Extra Ordinary

2019

Directors: Mike Ahern, Enda Loughman

Starring: Maeve Higgins, Barry Ward, Will Forte, Claudia O’Doherty

Words – Carly Stevenson

Rose (Maeve Higgins) is a driving instructor with an extraordinary talent: she can communicate with the dead. A kind widower named Martin (Barry Ward) tries to enlist her help when unexplained supernatural forces possess his teenage daughter, but Rose is reluctant to use her gift because of a family tragedy involving her late father, a dog and a puddle.
If you are trying to make sense of the last sentence, don’t bother. Just go and see this film.
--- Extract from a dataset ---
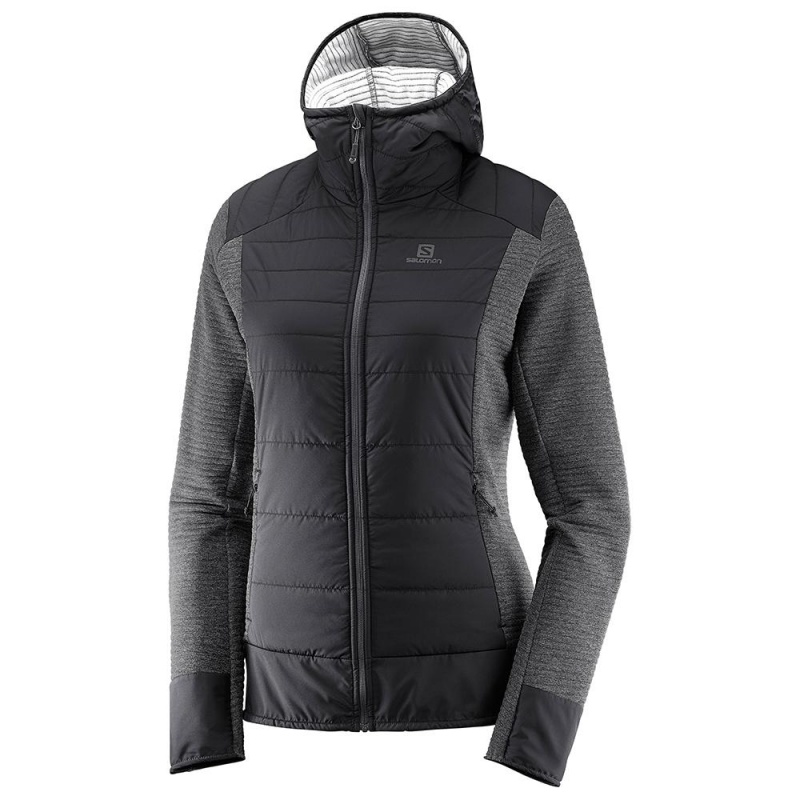 Salomon RIGHT NICE HYBRID HOODIE W Negras | 7695OPESY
Extra Ordinary has all the cosiness and warmth of a cup of tea or a knitted jumper, which is perhaps the opposite effect one expects from a film about unquiet spirits and satanic rituals, and yet, this wholesome horror comedy hits all the right notes.
Mike Ahern and Enda Loughman’s first feature bears the surrealist quality of The League of Gentleman, only without the creeping sense of unease. The ghosts in this film are belligerent, but in a local, domestic sort of way; they agitate, but they are not harbingers of doom. Even the film’s antagonist (Will Forte) is a camp, pantomime villain, complete with a spooky castle and a cape.

Consistently funny, confidently silly yet surprisingly tender, Extra Ordinary shows a softer side to the things that go bump in the night.